Prints statistical report for assemblies of type assemType

Parameters
  • assemType (str or list) – Assembly type e.g. [‘LTA fuel’,’feed fuel’]

  • path (str, optional) – The path to look for. Default cwd.

  • title (str, optional) – The case title to limit too. Default: all

  • assemHistoryList (list of processed assembly histories) – Useful for multiple calls

findHistoriesWithHotPICT(assemTypes=None, path=None, title=None, assemHistoryList=None, pctBounds=[590, 600, 610, 620])[source]

Finds assemblies that have a peak 2-sigma PICT>various temperatures

Parameters
  • assemType (str or list) – Assembly type e.g. [‘LTA fuel’,’feed fuel’]

  • path (str, optional) – The path to look for. Default cwd.

  • title (str, optional) – The case title to limit too. Default: all

  • assemHistoryList (list of processed assembly histories) – Useful for multiple calls

  • pctBounds (list, optional) – The temperatures in C to make histograms for.

  • for by Bruce for materials testing development in BOR-60. Produces very useful figures (Asked) –

  • post-processing. (during) –

plotBounds(filteredSets, filteredBounds, assemTypes)[source]

Plots an incredibly useful figure showing which assemblies have which PICT through the lifetime

This is done after a run in post-processing for documentation of the case.

getValidHistories(assemTypes, path, title=None, assemHistoryList=None)[source]

Loads or filters a set of assembly histories to certain assemtypes

Parameters
  • assemType (str or list) – Assembly type e.g. [‘LTA fuel’,’feed fuel’]

  • path (str, optional) – The path to look or.

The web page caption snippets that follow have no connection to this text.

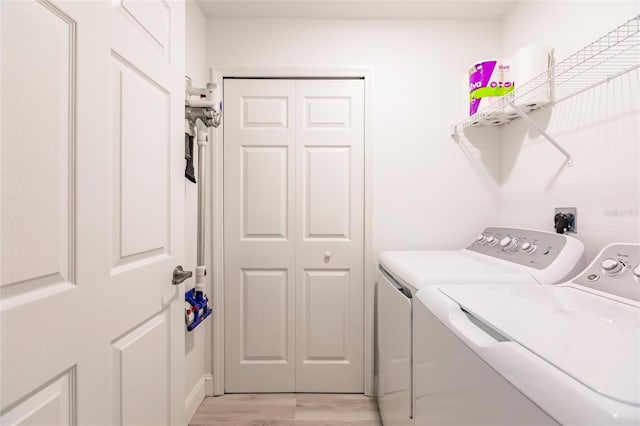 washroom featuring washer and clothes dryer and light hardwood / wood-style floors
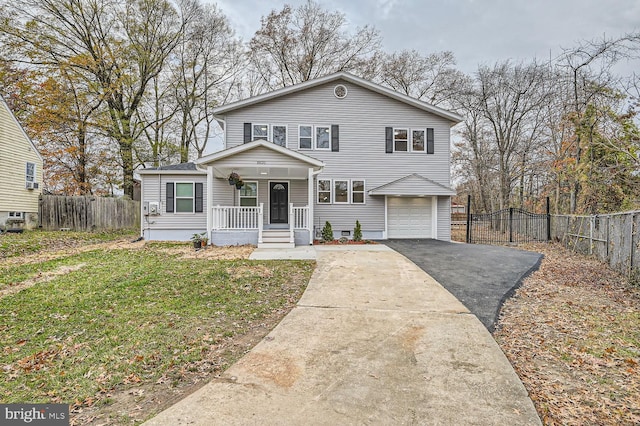 front of property with covered porch, a front yard, and a garage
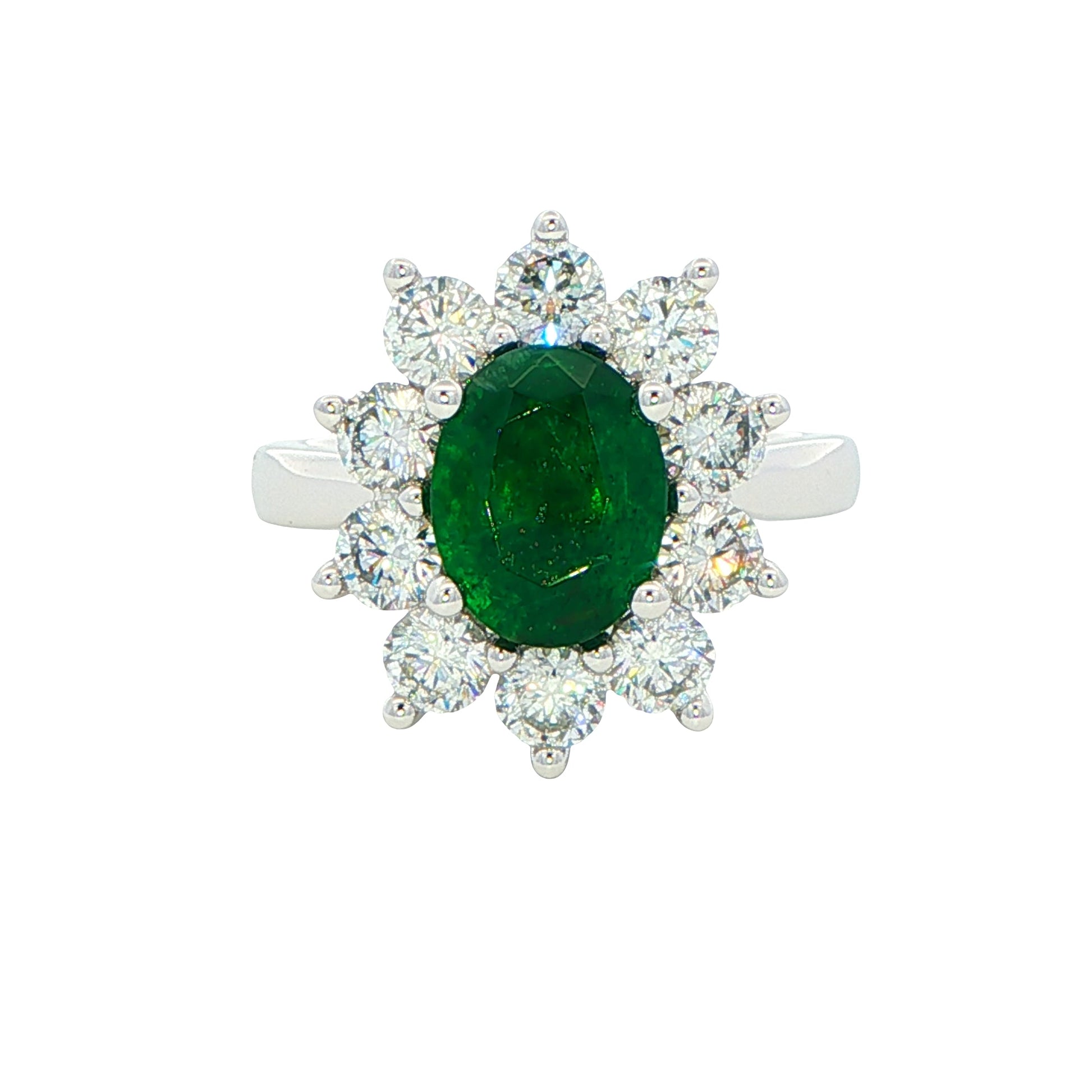 Oval shaped emerald and round brilliant cut diamond cluster style ring Gardiner Brothers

Default cwd.

  • title (str, optional) – The case title to limit too. Default: all

  • assemHistoryList (list of processed assembly histories) – Useful for multiple calls

Returns

validAssems – The assem histories that match the criteria.

Return type

list

locateBoundingHistories()[source]

Determines which detail assemblies reach the bounds of each tracked parameter.

Returns

minMax – Keys are tracked keys, vals are (minV, maxV, avg, std) where minV and maxV(value, assembly, timestep) tuples for min and max avg is the arithmetic mean and std is the standard deviation for key

Return type

dict

Notes

This basically provides bounding values for each tracked parameter

printBoundingHistories(aType, params, minMax)[source]

Prints a summary of bounding parameter values for all detail assemblies.

Parameters

minMax (dict) – Keys are tracked keys, vals are (value, assembly, timestep) tuples for min and max.